“Mensaleri” conquista lo Spazio Open a Una Marina di Libri
06/06/2026
Ieri sera, venerdì 5 giugno, lo Spazio Open dei Cantieri Culturali alla Zisa ha ospitato "Arcani sonori a Mensaleri", uno degli appuntamenti più interessanti del festival letterario Una marina di libri. Un originale reading-concerto capace di fondere la potenza della parola con il magnetismo sonoro.

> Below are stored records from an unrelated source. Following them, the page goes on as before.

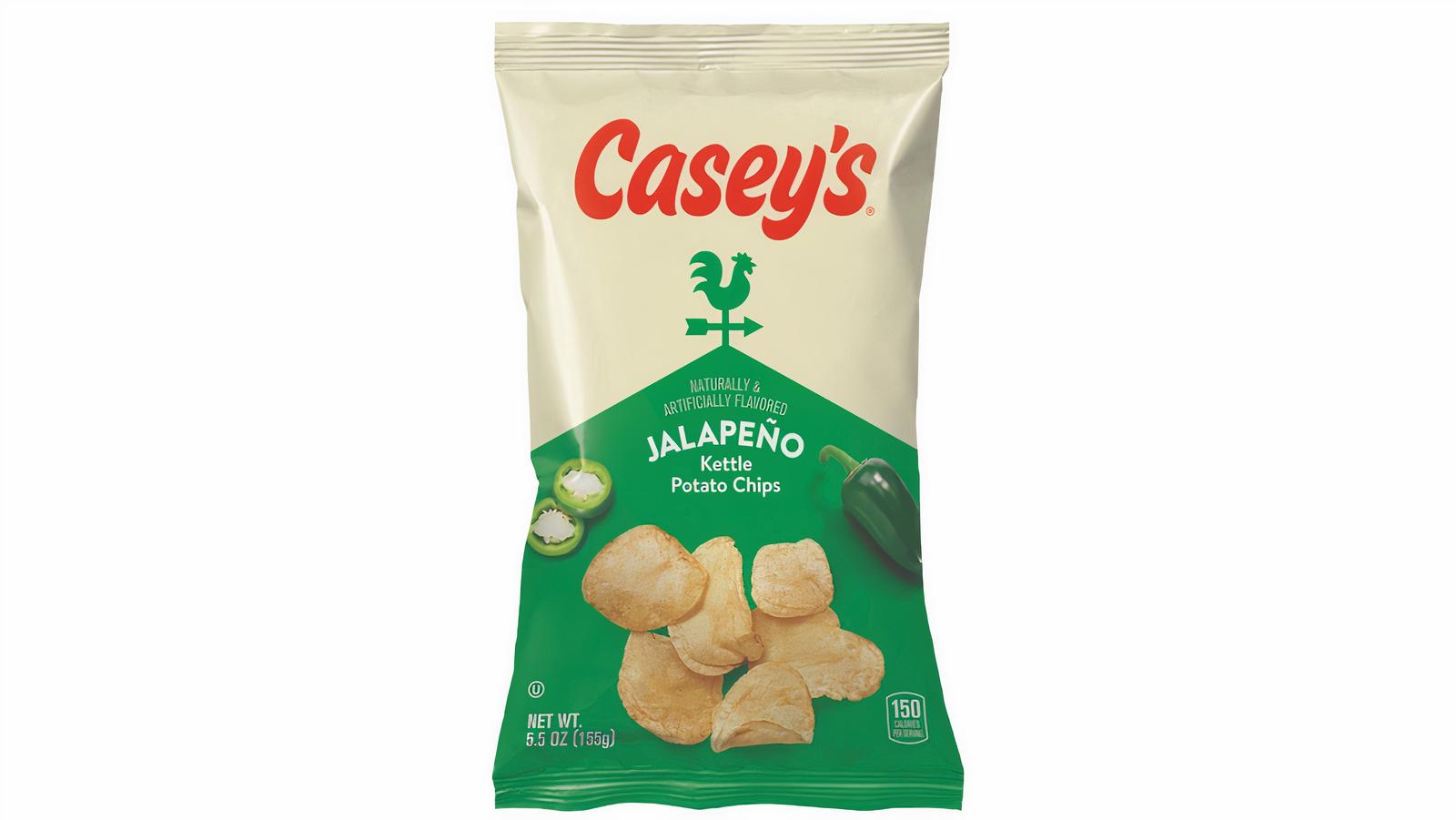 Casey's Jalapeño Kettle Chips 5.5oz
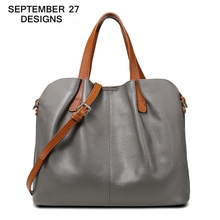 Women Handbags Genuine Leather Fashion Designs Tote Bags Ladies 100% Real Cowhide Large Capacity Shoulder Bag Crossbody Bags 2024 - buy cheap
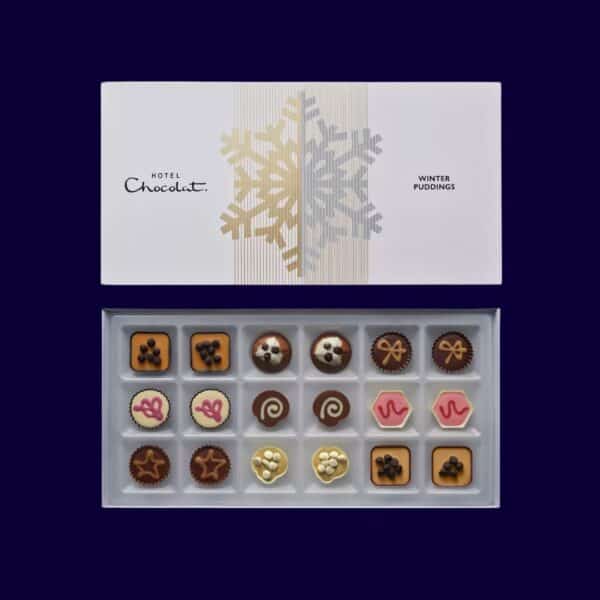 Hotel Chocolat Christmas Winter Puddings Chocolate Box 18-Piece £20 Cash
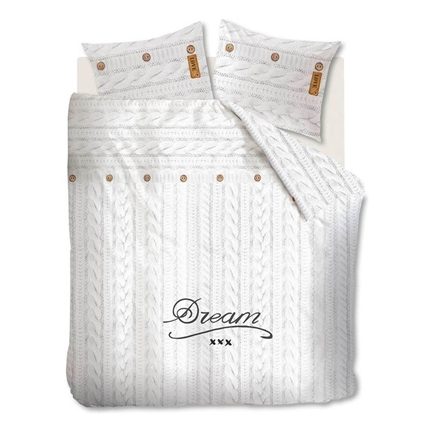Beddinghouse Knitted Dream flanel dekbedovertrek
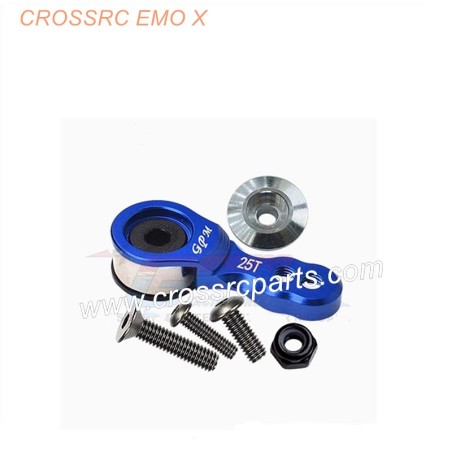 CROSSRC EMO X RTR Off-Road Car Parts Aluminum Alloy Spring Unloading 25T Servo Arm (Small)-5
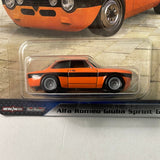 Hot Wheels 1/64 Fast & Furious Alfa Romeo Giulia Sprint GTA Orange - Damaged Box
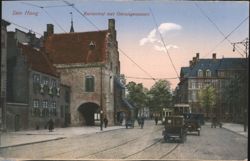 Buitenhof met Gevangenpoort, Den Haag Postcard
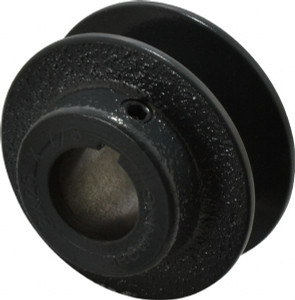 Browning 7/8" Bore Diam, 2-1/2" OD, Finished Bore Single Groove Sheave 13/16" Wide, Cast Iron BK25X7/8 - 00756080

Al centro della performance le vicende tratte dal romanzo "Mensaleri", un villaggio fondato nel 1868 sull’isola di Parpai dall’ imprenditore Nazzaro Mensa, costruttore di una grandiosa cartiera. Nazzaro è un uomo enigmatico che si affida a ingegneri e dirigenti altamente competenti per la tecnica, ma per le scelte cruciali ed esistenziali si fa guidare dai tarocchi di un mago. A 125 anni di distanza, con la cartiera ormai in disuso e il villaggio in piena crisi, le speranze di rinascita si accendono attorno alla figura di Riniero Mensa, discendente del fondatore. Da questo momento si delinea un affresco potente sulle origini e sul declino delle grandi rivoluzioni sociali.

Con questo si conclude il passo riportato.